- [WORK REQUEST]:
Starting at the line that holds "Een grote moderne villa in Altea Hills", reproduce each line exactly up to and including the last line of the records below. Pictures stay out.

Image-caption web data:
----

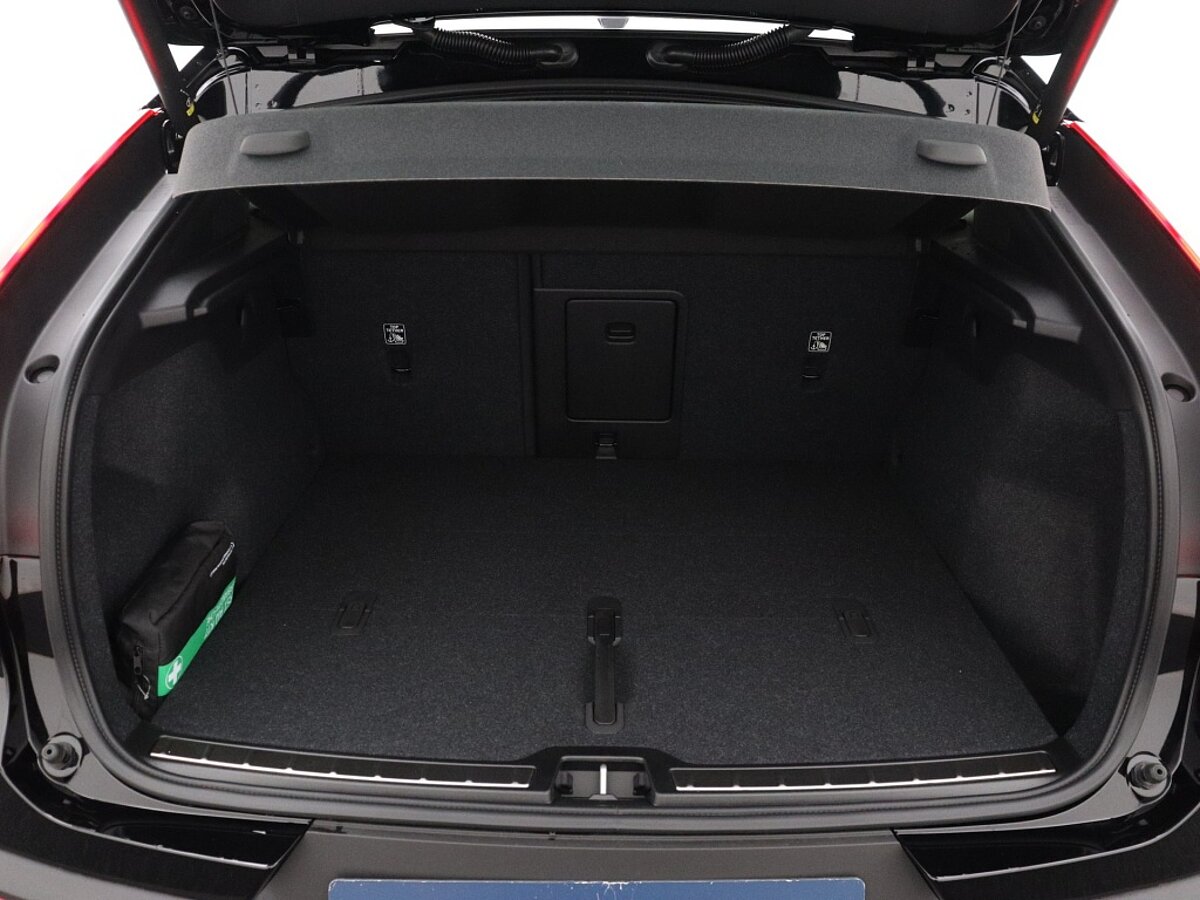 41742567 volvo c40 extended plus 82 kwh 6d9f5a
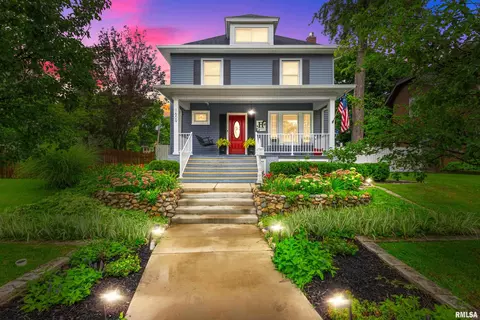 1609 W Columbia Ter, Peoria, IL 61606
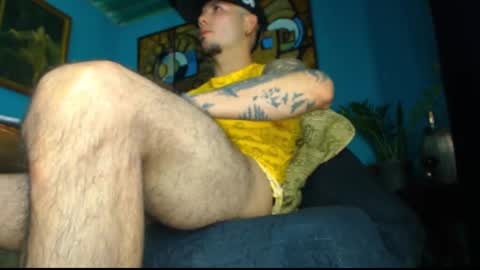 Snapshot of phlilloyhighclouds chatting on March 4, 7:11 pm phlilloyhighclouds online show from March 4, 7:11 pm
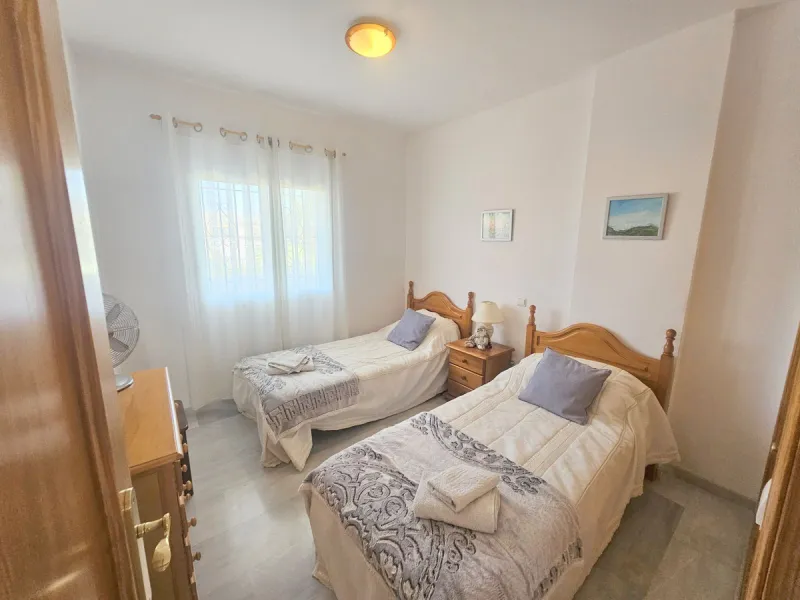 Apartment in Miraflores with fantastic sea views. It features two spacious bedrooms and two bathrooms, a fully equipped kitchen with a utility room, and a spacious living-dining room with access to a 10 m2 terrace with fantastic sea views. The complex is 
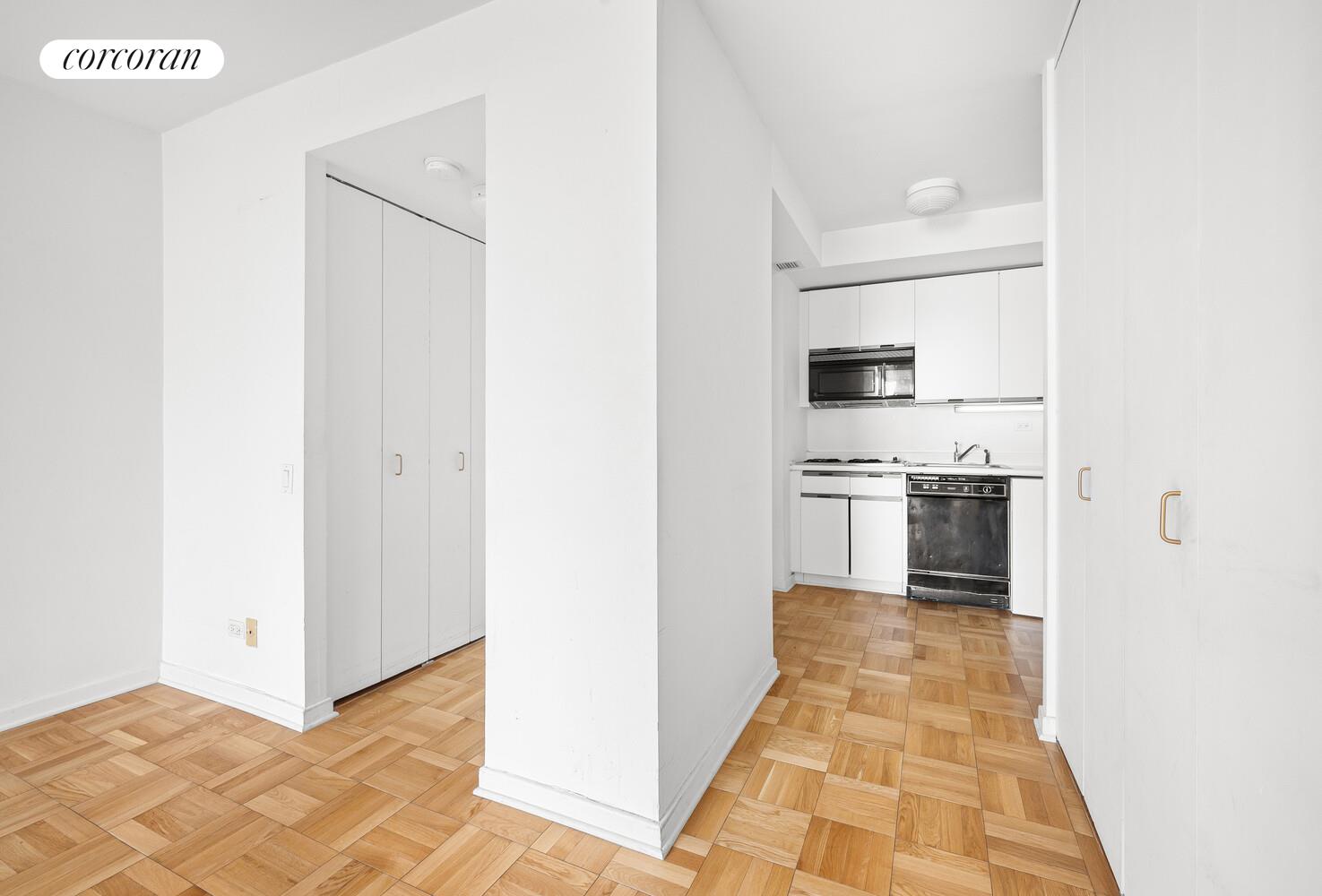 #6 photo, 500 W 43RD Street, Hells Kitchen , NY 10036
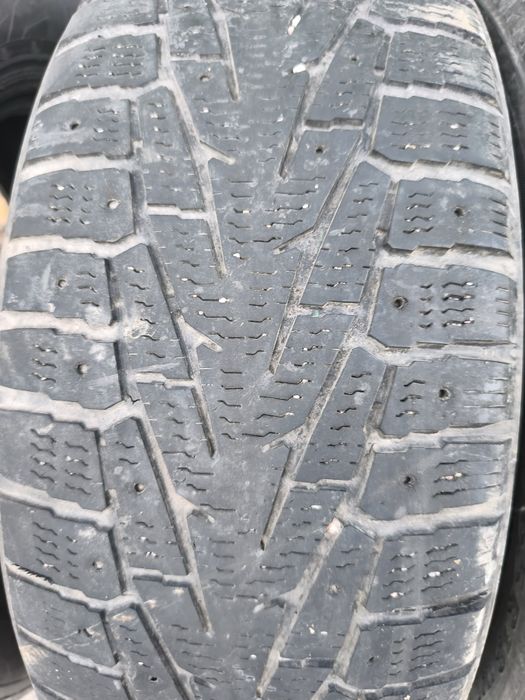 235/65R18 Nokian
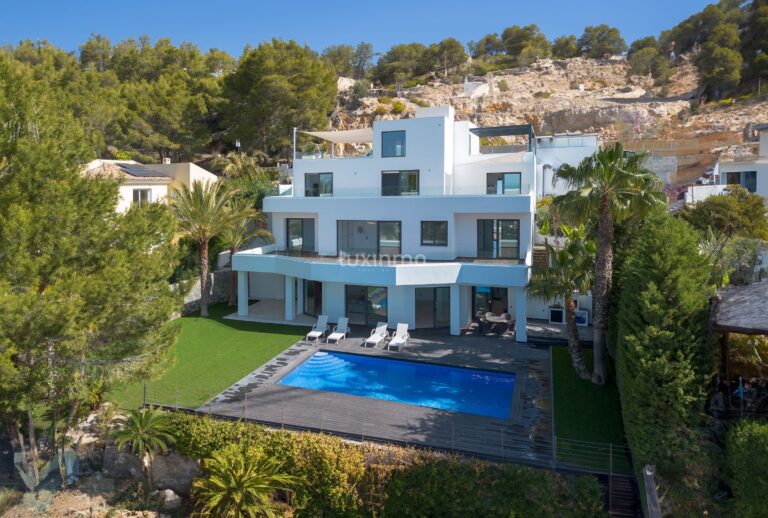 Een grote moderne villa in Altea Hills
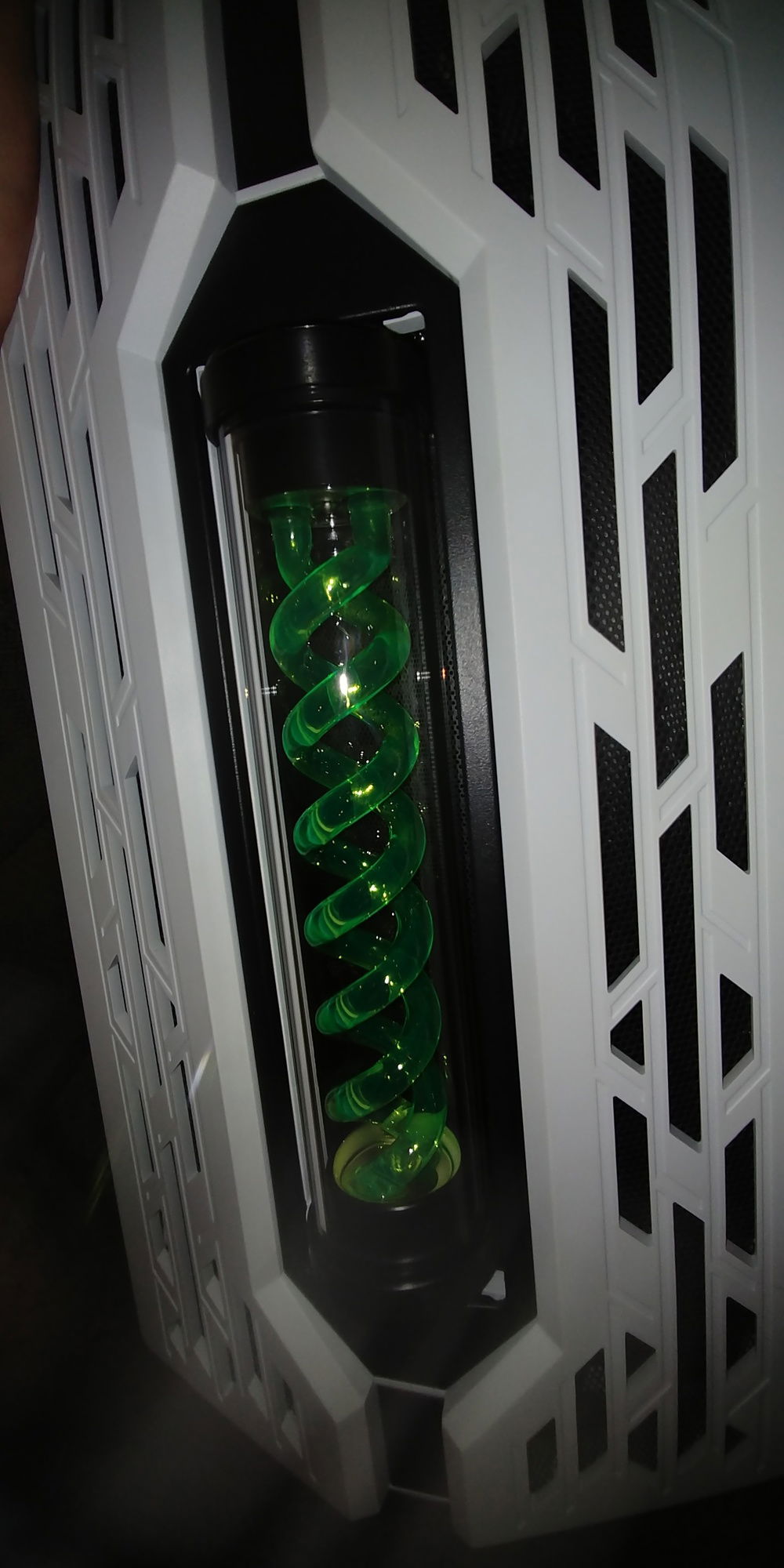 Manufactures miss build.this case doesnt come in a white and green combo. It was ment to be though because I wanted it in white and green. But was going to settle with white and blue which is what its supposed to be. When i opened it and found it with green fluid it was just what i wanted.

----

- [WRITTEN RESPONSE]:
 Een grote moderne villa in Altea Hills
 Manufactures miss build.this case doesnt come in a white and green combo. It was ment to be though because I wanted it in white and green. But was going to settle with white and blue which is what its supposed to be. When i opened it and found it with green fluid it was just what i wanted.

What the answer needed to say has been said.